- DIRECTIONS FOR THIS TASK:
Return an exact copy of the lines from the one holding "Mourne Mountains fire: Deputy" to the end of the data, including both the starting and final lines. Leave the pictures out.

- DATA RECORDS:

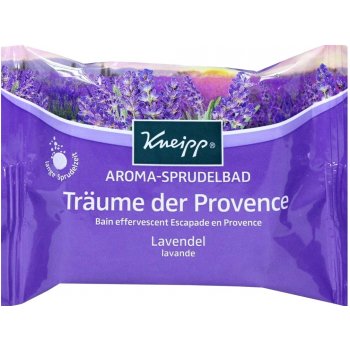 Kneipp Perlivá tableta do koupele Levandule 80 g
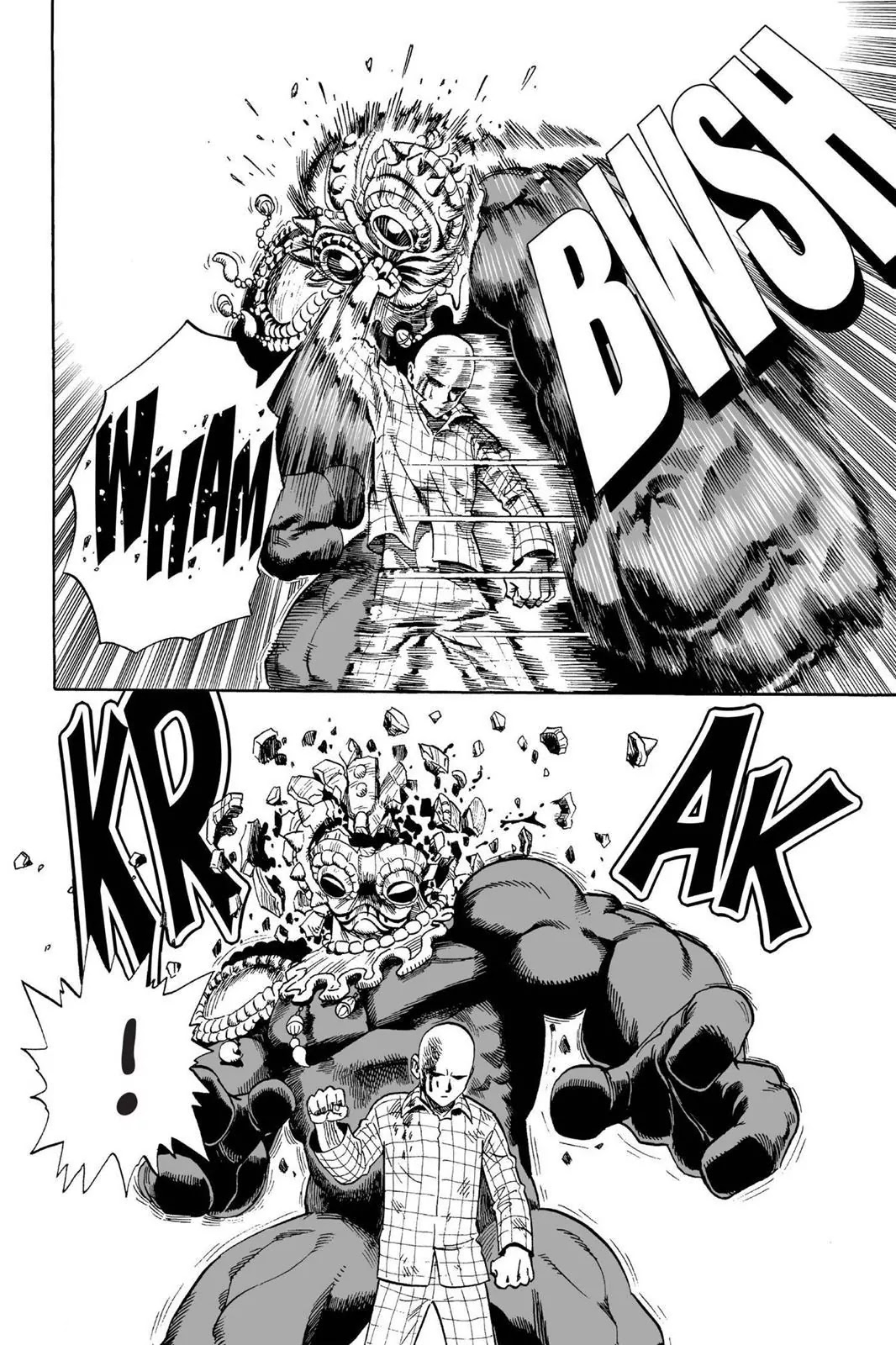 One Punch Man Chapter 4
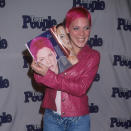 <p>In 2000, Pink released her first solo record, <em>Can't Take Me Home</em>, and she earned two Top 10 singles: "There You Go" and "Most Girls." Soon after, the singer started opening up for the wildly popular boy band *NSYNC. </p>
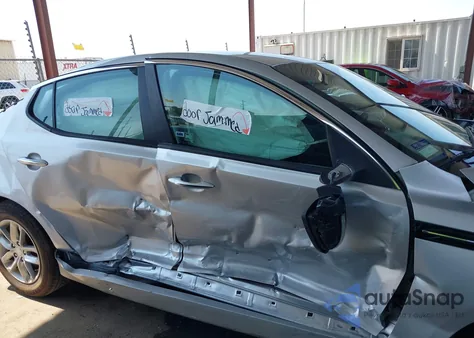 2013 Kia Optima Lx из США, поврежденный, VIN 5XXGM4A79DG229626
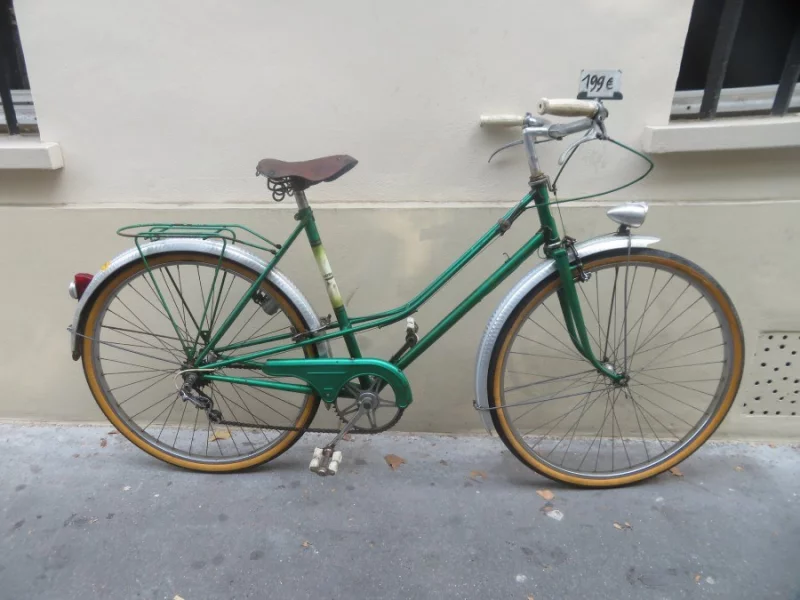 Vélo Demi ballon Femme Gepetto 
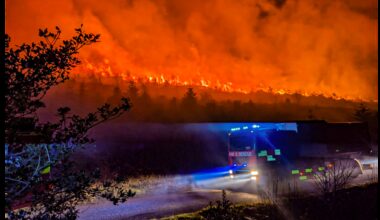 Mourne Mountains fire: Deputy First Minister slams ‘wanton destruction’ after major gorse blazes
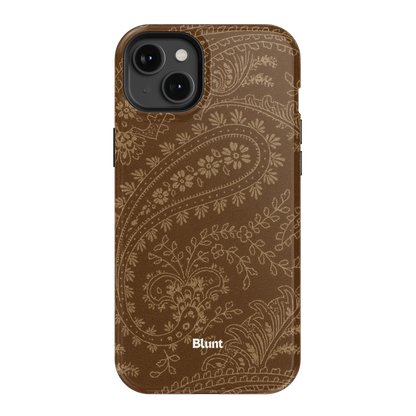 Western Paisley iPhone Case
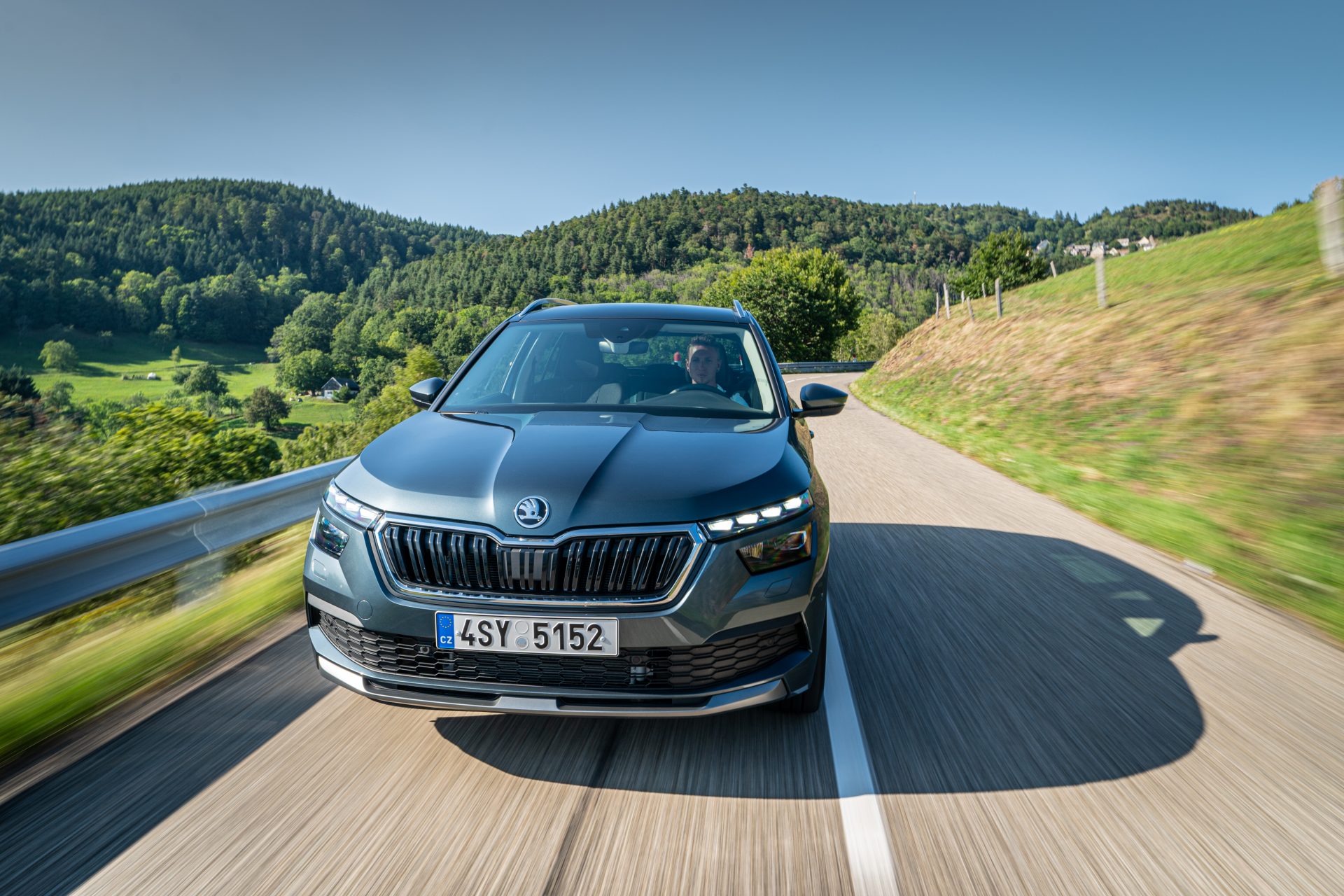 Δοκιμή Skoda Kamiq Gtec: Κάθε ευρώ πιάνει τόπο!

- ANSWER TO THE EXERCISE:
 Mourne Mountains fire: Deputy First Minister slams ‘wanton destruction’ after major gorse blazes
 Western Paisley iPhone Case
 Δοκιμή Skoda Kamiq Gtec: Κάθε ευρώ πιάνει τόπο!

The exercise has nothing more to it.